HEEFT DE VOLGENDE BESCHIKKING GEGEVEN:

TITEL I

BEGINSELEN VAN HET EUROPESE JUSTITIËLE NETWERK IN BURGERLIJKE EN HANDELSZAKEN

Artikel 1

Oprichting

1. Er wordt tussen de lidstaten een Europese justitiële netwerk in burgerlijke en handelszaken opgericht, hierna "het netwerk" genoemd.

2. In deze beschikking worden onder het begrip "lidstaat" de lidstaten met uitzondering van Denemarken verstaan.

Artikel 2

Samenstelling

1. Het netwerk bestaat uit:

a) contactpunten die door de lidstaten worden aangewezen overeenkomstig lid 2;

b) centrale organen en centrale autoriteiten waarin is voorzien door communautaire besluiten, internationale rechtsinstrumenten waarbij de lidstaten partij zijn, of nationale rechtsregels op het gebied van justitiële samenwerking in burgerlijke en handelszaken;

c) de verbindingsmagistraten op wie Gemeenschappelijk Optreden 96/277/JBZ(7) van toepassing is, indien zij verantwoordelijkheden hebben op het gebied van de samenwerking in burgerlijke en handelszaken;

d) iedere andere geschikte justitiële of bestuurlijke autoriteit met verantwoordelijkheden op het gebied van justitiële samenwerking in burgerlijke en handelszaken waarvan de medewerking aan het netwerk dienstig wordt geacht door de lidstaat waartoe de autoriteit behoort.

2. Iedere lidstaat wijst een contactpunt aan.

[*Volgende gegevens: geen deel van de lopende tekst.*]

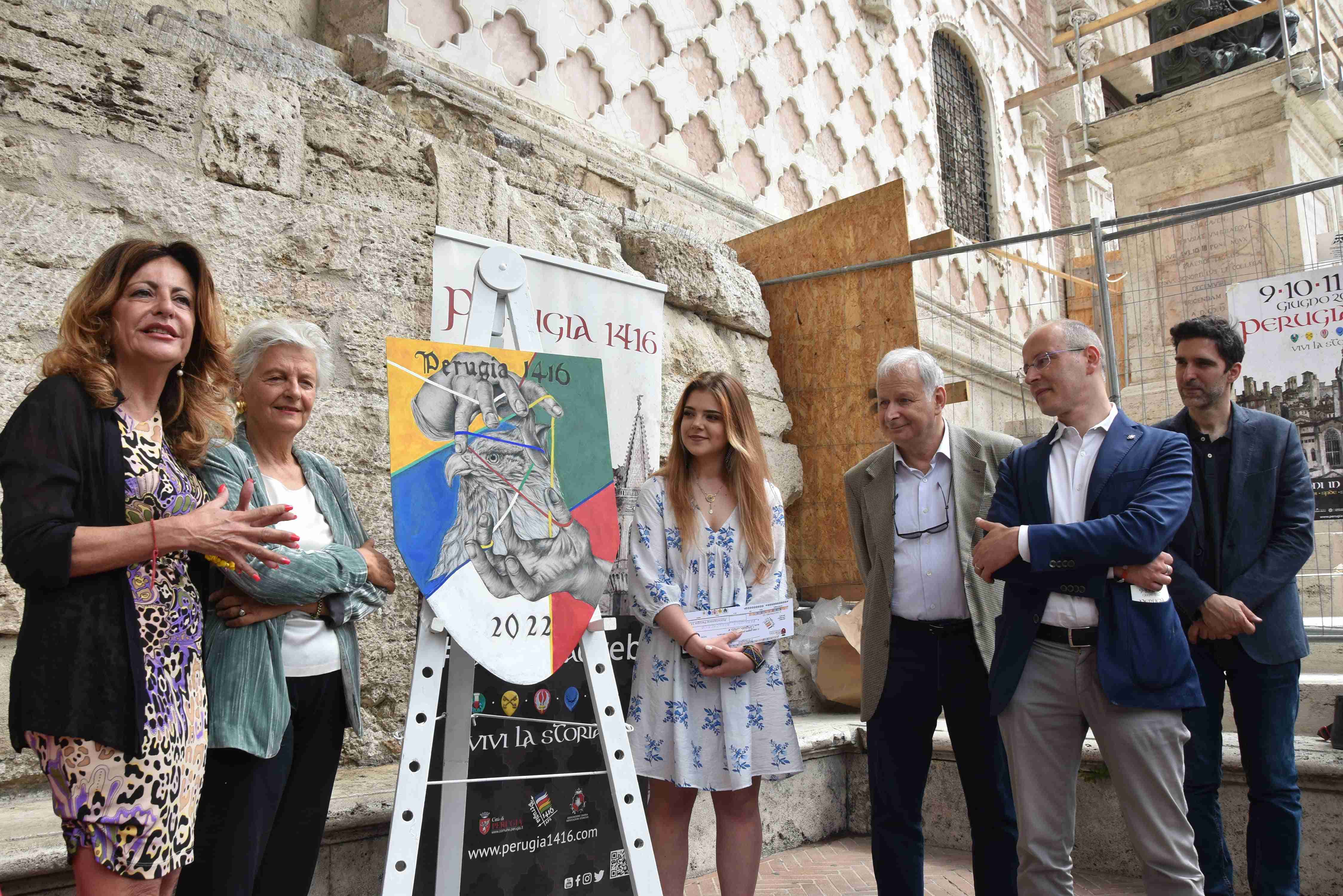 palio sx Ricci Severini Biancalana DeAlbentiis Varasano Mosena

Iedere lidstaat kan evenwel een beperkt aantal andere contactpunten aanwijzen, als hij dat nodig acht in verband met het naast elkaar bestaan van verschillende rechtsstelsels, de interne verdeling van de bevoegdheden, de taken die aan de contactpunten worden toegekend, of om gerechtelijke organen die vaak geschillen met grensoverschrijdende aspecten behandelen, rechtstreeks te betrekken bij de werkzaamheden van de contactpunten.

Wanneer een lidstaat meer dan één contactpunt aanwijst, zorgt hij ervoor dat tussen hen de nodige coördinatiemechanismen van toepassing zijn.

3. De lidstaten geven aan welke de in lid 1, onder b) en c), bedoelde autoriteiten zijn.

4. De lidstaten wijzen de in lid 1, onder d), bedoelde autoriteiten aan.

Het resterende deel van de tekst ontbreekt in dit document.